The latest on audio compression standards

Article By : Brian Dipert

Two decades ago, the bulk of digital music was either downloaded from a server or ripped from a CD, and then stored and played back locally. Nowadays, the ascendance of various subscription services has evolved and complicated the situation...

Within my recent coverage of high-res audio players (and the services that feed them content) and external DACs and amplifiers, I realized I’ve been tossing a lot of new and potentially-unfamiliar terms at my readers. It’s been a while (20 years, to be exact!) since I last covered lossless and lossy audio compression standards in-depth, and the world’s moved on since then, so an abbreviated update is probably overdue.

First off, stating the perhaps obvious, two decades ago the bulk of digital music was either downloaded from a server or ripped from a CD, and then stored and played back locally. Nowadays, the ascendance of various subscription services has evolved and complicated the situation; a given service needs to support a diversity of playback clients with a variety of processing capabilities, and network-connected at a diversity of bitrates and latencies (along with variability in both parameters over time). Adaptivity at the cloud is therefore critical.

Take Tidal, for example, a music service I’ve regularly mentioned of late by virtue of its audiophile-targeting “HiFi” service tier. Looking first at the baseline “premium” offering, Tidal streams (and, on some platforms, also offers DRM-inclusive downloads) at two bitrates, 96 kbps (which Tidal calls “normal,” and generally viewed as being equivalent in quality to legacy 128 Kbps MP3) and 320 kbps (“high,” and a higher bitrate than that used by competitors such as Amazon Music Unlimited and Apple iTunes), in both cases leveraging the AAC (advanced audio coding) lossy compression standard. AAC, the audio codec at the core of MPEG-4, wasn’t even included in my test suite back in 2001, only MP3 (MPEG-1 and MPEG-2 Audio Layer III), RealAudio, and WMA (Windows Media Audio). Three-plus years later, I was still writing words such as “AAC so far lacks widespread industry support, thereby limiting the types of equipment on which consumers can play their audio.” Thanks in no small part to Apple’s embrace of AAC, however, particularly after the company dropped its FairPlay DRM, the heir apparent has pretty much taken over the throne.

Now for Tidal’s “HiFi” offering. At minimum, even if the content is “only” Red Book Audio CD-equivalent quality (16-bit per-channel samples, two channels, 44.1 kHz sampling rate, for a ~1.411 Mbps uncompressed bitstream), Tidal still delivers it in one of two lossless-compressed formats to reduce bitrate (and, for downloads, file size): FLAC (the free lossless audio codec) for most clients, and ALAC (the Apple lossless audio codec) for iOS devices. Quoting from Wikipedia, “Digital audio compressed by FLAC’s algorithm can typically be reduced to between 50 and 70 percent of its original size.”

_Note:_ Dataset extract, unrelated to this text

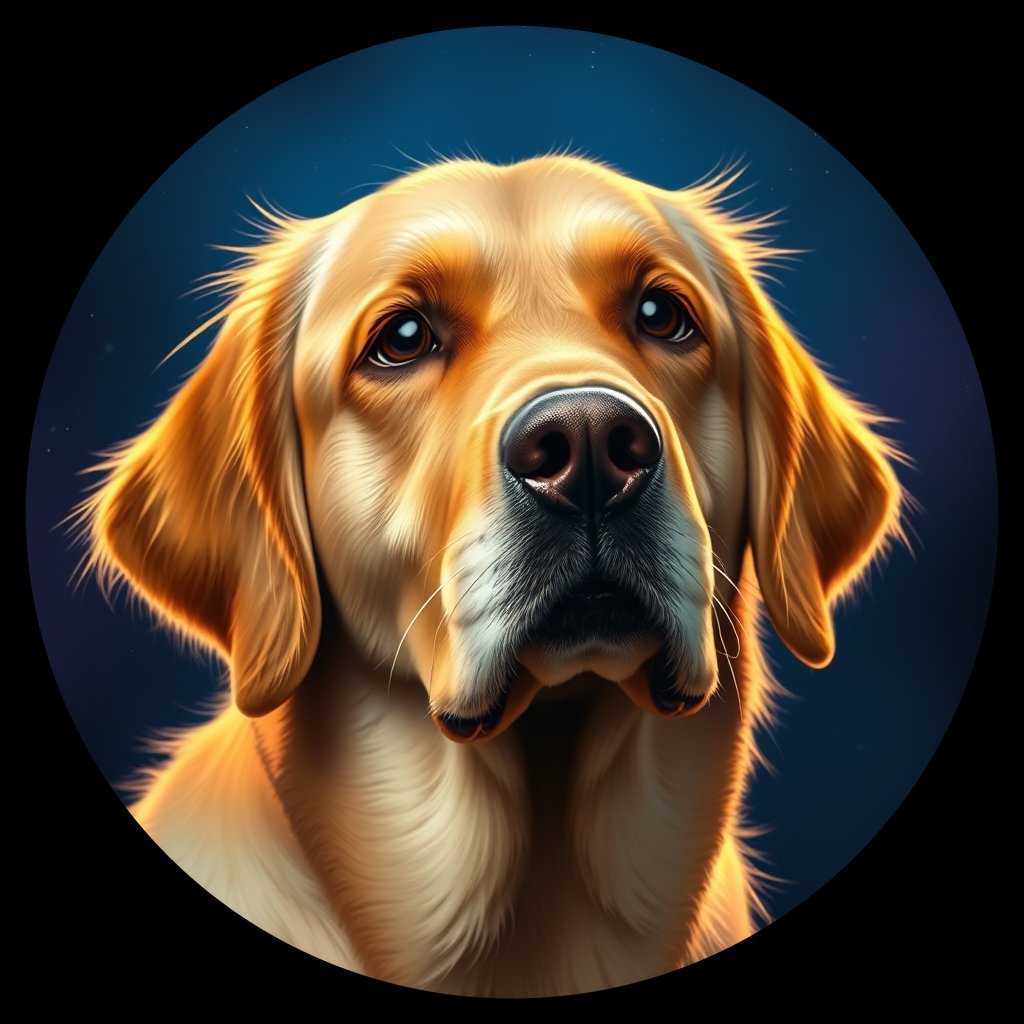 Cosmic medallion portrait of GRLS_grls7DIQZ866, a Golden Retriever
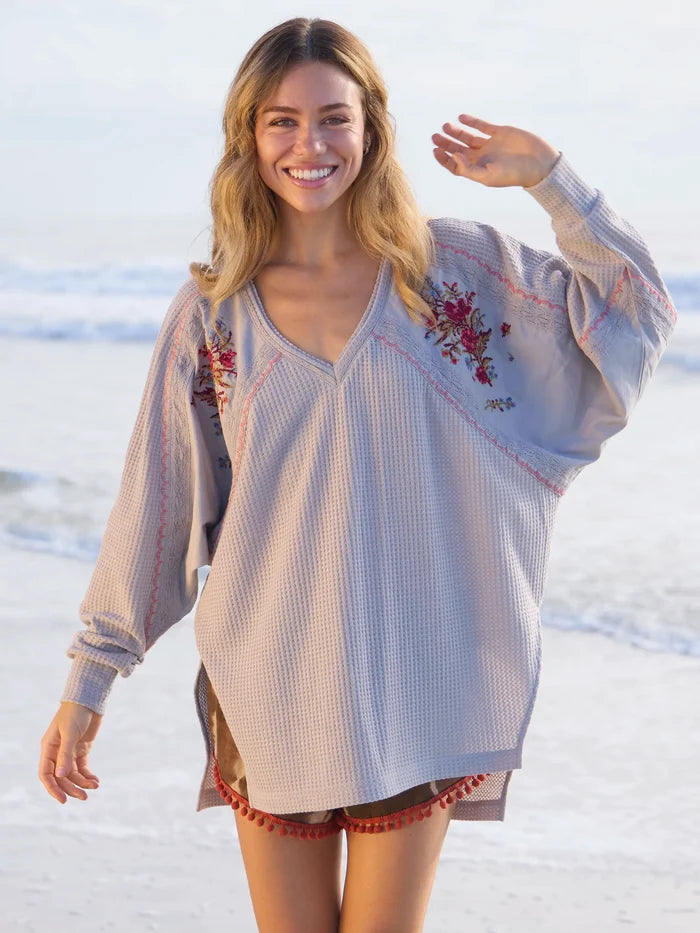 Maisie Oversized Embroidered Thermal Top - Light Grey-view 2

And if larger sample sizes and higher sample rates are your forte, there’s MQA (master quality authenticated), which Tidal supports for its HiFi tier subscribers and with a subset of its content library. MQA, like AAC, is a lossy compression algorithm, which may seem ironic at first glance given that we’re talking about a supposed highest-quality offering (unsurprisingly, the format’s embrace by the audiophile community has been mixed in response). But unlike AAC (and its MP3 and other perceptual encoding peers), MQA does not harness various psychoacoustic modeling techniques to reduce the bitrate, such as those I mentioned 20 years ago:

  • lowpass filtering, or removal of all audio information above a certain frequency;
  • stereo-to-mono conversion of the original two audio channels, completely or above a certain frequency;
  • phase collapse, or elimination of phase differences between the two channels, completely or above a certain frequency;
  • frequency masking, in which a loud tone masks lower-volume information in nearby frequencies; and
  • temporal masking, in which a loud tone masks lower-volume information that both precedes and follows the masking tone in time.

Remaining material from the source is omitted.